The results promptly altered political equations, with NCP supremo Sharad Pawar—who was planning to pitch for prime ministership with the help of the Third Front and the Shiv Sena—saying it was the Congress’s privilege to choose the PM.

What came as a surprise was the commendable Congress-NCP showing despite adverse factors like the crippling power cuts—lasting up to 14 hours daily in many parts of the state—and suicides in Vidarbha by as many as 5,216 farmers. Five-time Congress MP Gurudas Kamat, who won another term from Mumbai North-West, said, “If the trailer is so exciting, the main film will be even more interesting. We will sweep the assembly polls.’’

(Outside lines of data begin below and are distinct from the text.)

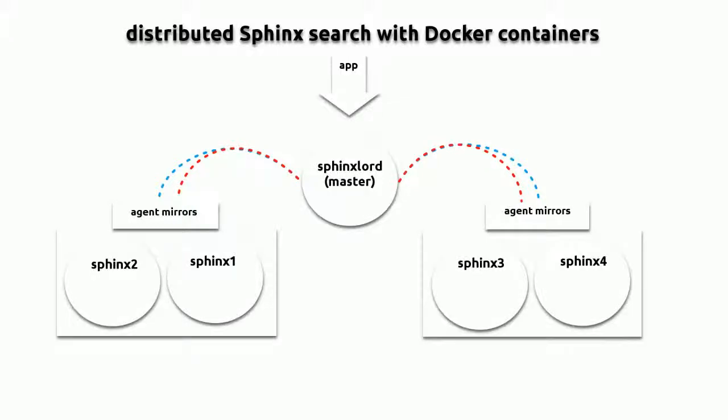In this video, I'll demonstrate what it looks like to run Sphinx in multiple Docker containers, which can be helpful when testing distributed indexing, which is what I was doing here.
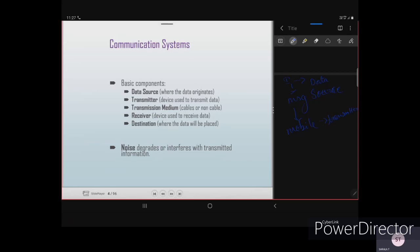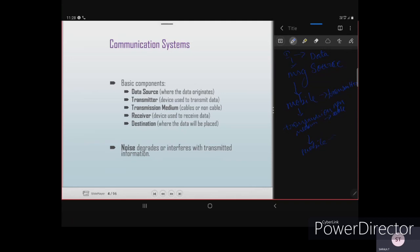The transmission medium refers to cables or non-cables. Since we are using mobile phones, that is a wireless connection, so it is a non-cable transmission medium. The receiver is the device used to receive the data at the destination end — in this case, the receiver end also uses a mobile phone to receive the information.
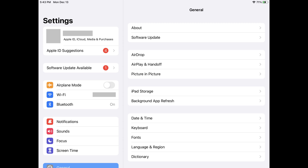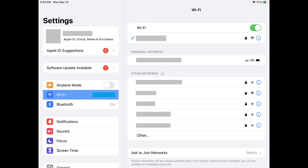Step 1. Open the Settings app on your iPhone or iPad and then tap Wi-Fi in this menu. The Wi-Fi screen is displayed.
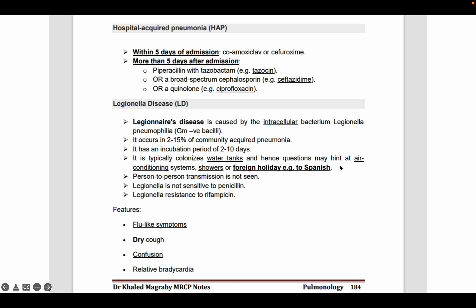Very important information here. This organism spreads in the water tank or cooling system when vaporization occurs. Suppose a water tank is colonized with Legionella pneumophilia — when we take a shower, along with the shower water there will be some vaporization. So this organism may enter our body by the respiratory route, as also happens in cooling systems like air conditioning.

The NCP attributed its poor performance to intra-party fighting—a major reason could have been that Marathas did not back it whole-heartedly because of the party’s failure to provide reservations for the community. For the Sena-BJP alliance, the MNS was the main spoiler.

Twelve MNS candidates secured more than one lakh votes each in the keenly contested elections.

Interestingly, three Independents will also be going to the Lok Sabha from the state—this is the first time that so many independents have won in Maharashtra since the state’s inception in 1960. The three independent MPs are Baliram Jadhav (representing the Bahujan Vikas Aghadi from Palghar in Thane district), Raju Shetty (of the Swabhiman Shetkari Sanghatana from Hatkanangale) and Sadashiv Mandlik (rebel NCP candidate and sitting MP from Kolhapur who was denied a ticket). The victory of Mandlik, a wrestler, is significant because he had publicly taken on Sharad Pawar in his campaign and levelled serious charges against him.

The Shiv Sena-BJP received a huge setback in urban Maharashtra, including Mumbai, Thane, Pune and Nashik, which were considered its strongholds, although it retained seats in Vidarbha and Marathwada. The clash between state BJP president Nitin Gadkari and senior leader Gopinath Munde had resulted in a vertical split in the party organisation. Sena executive president Uddhav Thackeray’s open flirting with Pawar in the run-up to the polls had also severely strained Sena-BJP ties.

Among the prominent state winners were Sharad Pawar (Madha), Sushilkumar Shinde (Solapur), Praful Patel (Gondia-Bhandara), Supriya Sule (Baramati), Mukul Wasnik (Ramtek), Gopinath Munde (Beed) and Vilas Muttemwar (Nagpur). The shock losers were ministers A R Antulay and Suryakanta Patil and RPI leaders Ramdas Athawale, Prakash Ambedkar and Rajendra Gavai.

The Congress was happy to win two high-profile seats in Marathwada (Nanded, home of chief minister Ashok Chavan, and Latur, home turf of former chief minister Vilasrao Deshmukh). Sitting Congress MP Suresh Kalmadi won the Pune seat despite stiff opposition from his adversaries within the party and attempts at sabotage by certain NCP leaders.

Ashok Chavan, who had promised Congress president Sonia Gandhi that Maharashtra would give her a large chunk of seats, said, “People have supported the Congress because of its performance at the Centre and in the state. Voters appreciated the way the state government responded to the 26/11 terrorist attack in Mumbai and the relief packages worked out for farmers to ward off any further suicides.’’ Pawar agreed that the waiver of farm loans and the UPA’s development agenda had helped in a major way.

Chavan was non-committal about the pre-poll alliance with the NCP. “We will review the outcome before taking any decision. The final decision will be taken by the party high command.’’

MPCC president Manikrao Thakare had complained that NCP leaders had not worked for Congress nominees in ten Lok Sabha constituencies. The Congress had improved its tally but was going to take a closer look at the situation in each and every constituency, he said.

State NCP president R R Patil admitted that many NCP candidates had had to face rebellions and, in some cases, aspirants who had been denied tickets had not been fully engaged in campaigning for the party.